Pasar por la muerte es parte del don de vivir. Creo que necesito
aprender a vivir para saber morir. O aprender un poco a morir a muchas
cosas para vivir de verdad. Me da miedo quedarme en una forma de vivir
vacía y superficial. Cuando lo que Jesús me promete es una vida plena.
Hoy escucho “Ya que habéis resucitado con Cristo, buscad los
bienes de allá arriba, donde está Cristo; aspirad a los bienes de
arriba, no a los de la tierra. Porque habéis muerto, y vuestra vida está
con Cristo escondida en Dios”.
Necesito aprender a morir a tantas cosas del mundo…
Quiero ser humano, pero no mundano. Y me vuelvo mundano cuando adopto
los criterios del mundo. Cuando dejo de ser humano al alejarme de los
hombres buscando solo a Dios.
No miro con las categorías de Dios, mido todo con el pensamiento del
mundo. Y vivo incluso entre los extremos. Mucha oración en soledad y
mucho mundo que se me pega a la piel. Dos extremos que no se tocan.

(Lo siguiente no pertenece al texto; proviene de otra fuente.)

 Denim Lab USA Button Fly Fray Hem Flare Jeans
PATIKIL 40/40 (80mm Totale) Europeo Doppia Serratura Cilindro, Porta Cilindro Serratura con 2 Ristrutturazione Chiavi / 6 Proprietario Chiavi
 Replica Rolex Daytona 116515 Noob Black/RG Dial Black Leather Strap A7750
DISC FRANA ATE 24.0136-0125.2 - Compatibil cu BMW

Vivo roto por dentro. Atado a dos mundos separados. Como si fueran irreconciliables. Y de repente comprendo que en su encarnación Jesús reconcilia los extremos.

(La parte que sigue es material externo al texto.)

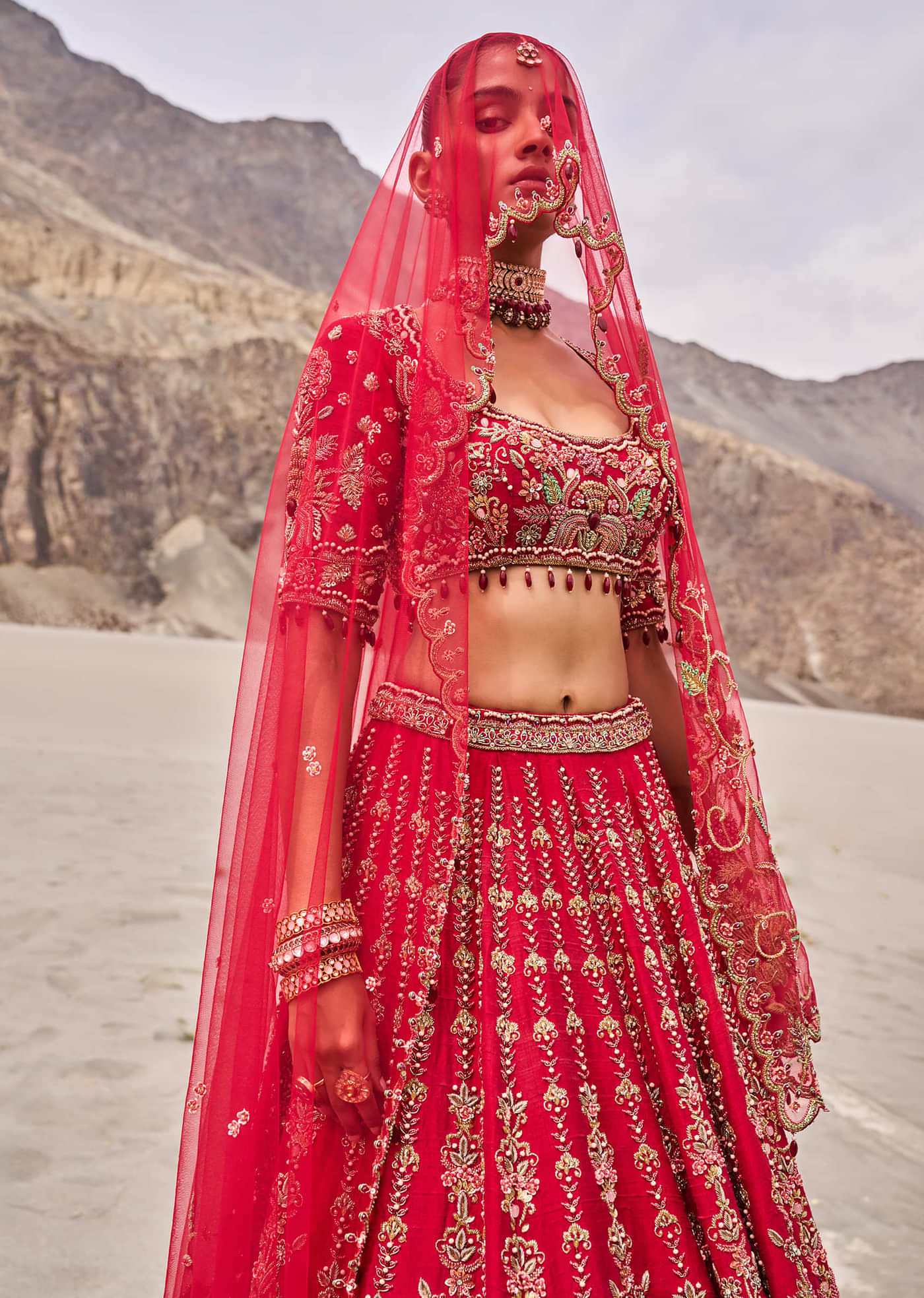 Red Embroidered Bridal Lehenga Blouse With Two Dupattas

Hace posible que se puedan unir el mundo de Dios y mi mundo tan humano.
Dios y yo. Dios y mis problemas. Dios y mis tentaciones. Todo unidos en
mi batalla diaria por vivir.
Quiero ser más humano y menos apegado al mundo. Más de Dios y con
menos miedo a la muerte. Pero no me alejo del mundo como si todo en él
fuera malo. Jesús vino a redimir lo que estaba perdido. Vino a salvarme a
mí en el mundo. Vino a salvar el mundo.
En sus manos humanas la vida cobró un sentido nuevo. Comió con
pecadores. Curó en sábado. Cambió normas que parecían irrenunciables.
Habló con palabras llenas de vida eterna. Me mostró el camino del
anonadamiento que pasa por la cruz, por el rechazo, por la renuncia.

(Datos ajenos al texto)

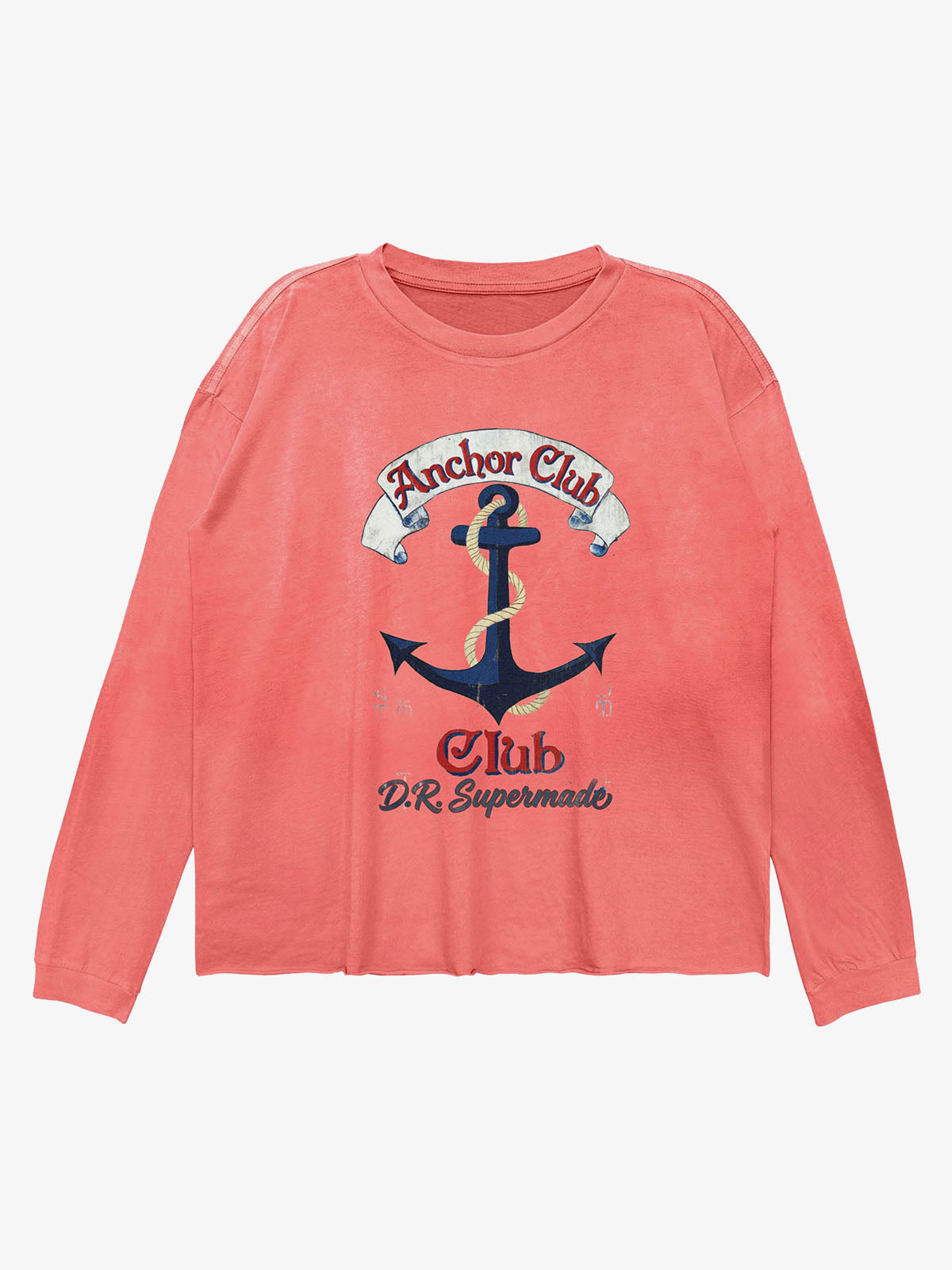 Anchor Graphic Washed Long Sleeve Tee; VTG Red / S, VTG Red / M, VTG Red / L, VTG Red / XL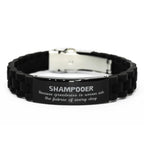 Sarcastic Shampooer Black Glidelock Clasp Bracelet Gifts, Christmas Holiday Gifts for Shampooer Birthday, Shampooer: Because greatness is woven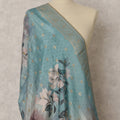 Sky Blue Floral & Gold Woven Synthetic Brocade Dupatta, Elegant Ethnic Stole, 230X85 CMS, India-D22369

Como un paso necesario para tocar la vida.
No se dejó encasillar en los sueños de los unos y de los otros. No
buscó halagar. No quiso responder a todas las expectativas humanas. No
quiso complacer. Redimió la tierra y al hombre con su sangre. Se hizo Él hombre entre los hombres. Abrazando desde sus heridas al hombre caído. Levantó la fragilidad humana.
En Jesús mi mundo y el suyo se unen. En ese lugar a veces confuso de
mi corazón todo cobra sentido. Quiero levantar la losa que cubre mi
muerte. El sepulcro queda vacío de muerte cuando dejo entrar a Dios en mí. Todo se llena de vida.
Dejo de temer la fragilidad de mi mundo. Dejo de angustiarme por la
fugacidad del tiempo. Estoy llamado a una vida eterna, a la vida plena.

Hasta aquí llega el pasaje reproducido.